# taz.de -- Zeit, für die Glühbirne zu streiten: Die dunkle Seite der Sparlampe
       
       > 60 Watt-Glühbirnen sind nun verboten. Dagegen wendet sich die Studie
       > "Lügendes Licht" mit einer kritischen Bilanz der Effizienz von
       > Energiesparlampen.
       
 (IMG) Bild: Wir sehen die Dinge nicht mehr im rechten Licht.
       
       Die Glühbirne, eine simple Angelegenheit aus Glas, Metall und Keramik, die
       sofort ein wunderbares, helles, warmes Licht verbreitet, muss aus unserem
       Leben verschwinden. Zugunsten der sogenannten Energiesparlampe, die
       gegenüber der Glühlampe angeblich 80 Prozent Strom einspart. Das hat der
       Umweltausschuss des Europäischen Parlaments am 17. Februar 2009
       beschlossen.
       
       Der Einwand, dass dort, wo viel Licht, auch viel Schatten ist, hat
       hinsichtlich der Sparlampe keine Chance. Von viel Licht kann ja auch nicht
       die Rede sein. Was aber nichts daran ändert, dass es selbstverständlich
       "Die Dunklen Seiten der Energiesparlampe" gibt, denen Thomas Worm und
       Claudia Karstedt jetzt nachgegangen sind. Dazu gehört, dass die Sparlampe
       alles andere ist, nur keine Lampe.
       
       Stattdessen handelt es sich um ein Elektrokleingerät, das jede Menge
       Elektronikteile enthält, die umso reichlicher vorhanden sind, je mehr die
       Energiesparlampe die unbestreitbaren Vorteile der Glühlampe zu imitieren
       versucht. Ihr Ableben macht sie zu Sondermüll, dessen umwelt- und
       klimafreundliche Entsorgung nicht weniger problematisch ist als die
       Produktion der ursprünglichen Komponenten.
       
       Zu Recht nennen Thomas Worm und Claudia Karstedt ihre Untersuchung
       "Lügendes Licht". Denn wenig ist wahr von dem, was die Sparlampe
       verspricht. Zuerst lügt gleich einmal ihr Licht. Da ihr Spektrum
       diskontinuierlich ist, mit energiereichem Blau- und abgeschwächtem
       Rotbereich, verfälscht sie Farben grundsätzlich und gravierend. Das hat
       gesundheitliche Auswirkungen, beim Essen schlägt die Farbverfälschung
       buchstäblich auf den Magen. Vor allem hat es aber ästhetische Auswirkungen.
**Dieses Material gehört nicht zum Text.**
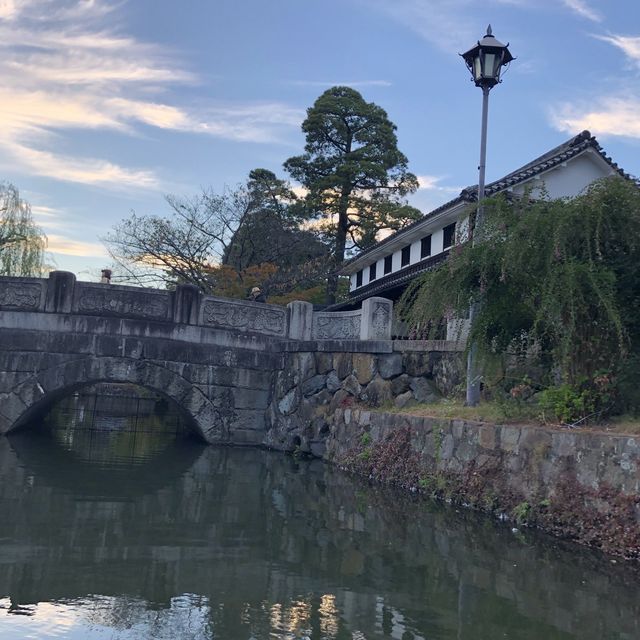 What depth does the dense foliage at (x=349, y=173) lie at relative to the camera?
32062mm

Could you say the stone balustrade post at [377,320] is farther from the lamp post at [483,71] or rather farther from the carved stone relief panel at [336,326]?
the lamp post at [483,71]

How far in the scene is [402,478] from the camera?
1083 cm

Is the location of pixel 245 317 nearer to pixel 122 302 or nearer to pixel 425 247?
pixel 122 302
       Wir sehen die Dinge nicht mehr im rechten Licht. Und damit sind wir mit
       Worm und Karstedt bei einer Kulturgeschichte des Lichts. Sie erklärt, warum
       bei einer schon rein physikalisch so diffizilen Angelegenheit wie dem
       Licht, technische Argumente - deren Hintergrund die Autoren kompetent
       erläutern - stets in die Irre führen.
       
       ## Falsches Versprechen
       
       Licht ist der prägnante Fall, bei dem es eben nicht um Energieeffizienz,
       sondern um Ökoeffektivität geht. Die Diskussion, die die Autoren
       hinsichtlich der gegenwärtigen Klimapolitik anstoßen, war längst fällig.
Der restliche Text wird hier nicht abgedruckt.